I benchmarked this same task without SIMD, using the traditional loop approach, here is the time it took to perform that operation 1 million times on my CPU core:

>> Operation took: 55743µs

AVX/AVX2 naming conventions and API

AVX code can look scary. I'll make it simpler:

  • Methods start with _mm
  • Data types start with __m


Data type names include two bits of information: size, and type:

  • __m128: 128-bit of 4 single-precision (32-bit) (float) elements
  • __m128d: 128-bit of 2 double-precision (64-bit) (double) elements
  • __m128i: 128-bit of ? integer (int) elements
  • __m256: 256-bit of 8 single-precision (float) elements
  • __m256d: 256-bit of 4 double-precision (double) elements
  • __m256i: 256-bit of ? integer (int) elements

For methods, it's basically _mm<size>_<operation>_<type>, so you got things like:

  • _mm256_set_ps Set 256-bit single-precision (ps) data

Here is a reference you can crawl through.

Compiler setup

I don't use g++, but for clang you just need to use -march=skylake or whatever.

Optimizing old code

I'll walk you through converting old code to the new code you can see in this snippet. You can copy the example from there, have a look at how it works, and get back here.

First, we want to re-define our data using AVX data types, so instead of using float a[8], we're going to use __m256 which is a data type for storing 8 floats, but remember, we're going to fill that also using a special AVX function called _mm256_set_ps:

__m256 a = _mm256_set_ps(1.0f,2.0f,3.0f,4.0f,5.0f,6.0f,7.0f,8.0f);
__m256 b = _mm256_set_ps(1.0f,2.0f,3.0f,4.0f,5.0f,6.0f,7.0f,8.0f);
__m256 c = _mm256_set_ps(1.0f,2.0f,3.0f,4.0f,5.0f,6.0f,7.0f,8.0f);
__m256 d;

We are no longer initializing d because our function will now return the computed value instead of changing d directly.
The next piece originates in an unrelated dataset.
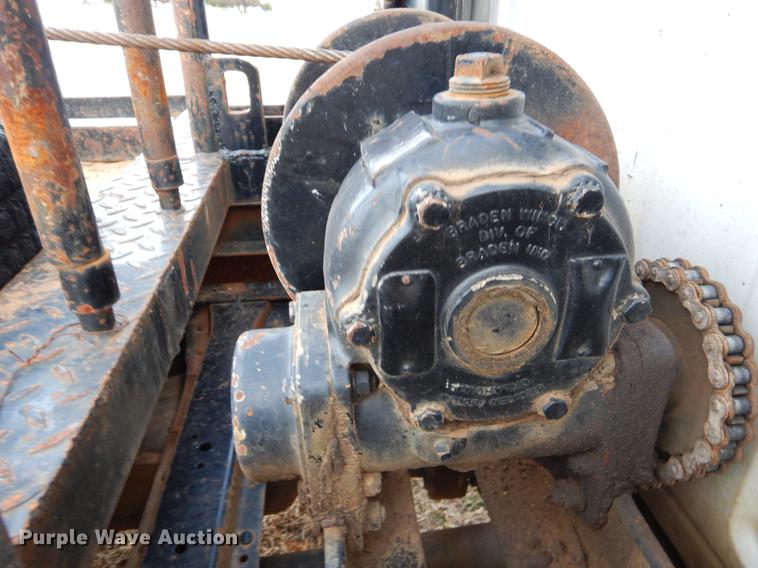 image for item FQ9650 1997 Ford F350 XL flatbed pickup truck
We'll modify our multiply_and_add function declaration to take and return AVX data types instead of traditional types as well (we'll also remove d and use __m256 instead of void because again, we're going to return data instead):

__m256 multiply_and_add(__m256 a, __m256 b, __m256 c) {

Now, instead of looping over things, we're going to ask the CPU to process this in one instruction, using an AVX function again:

__m256 multiplied = _mm256_mul_ps(a, b);
return _mm256_add_ps(multiplied, c); // returns a __m256

Update our method call appropriately:

d = multiply_and_add(a, b, c);

Pretty straightforward, isn't it.

that's it :o

Benchmarking new code

>> Operation took: 6790µs

Interesting. That's 88% less computational time.

P.S. benchmarking is done like this:


for (int i = 0; i < 1e6; i++)
    d = multiply_and_add(a, b, c);


toggleBench is again, this timing method.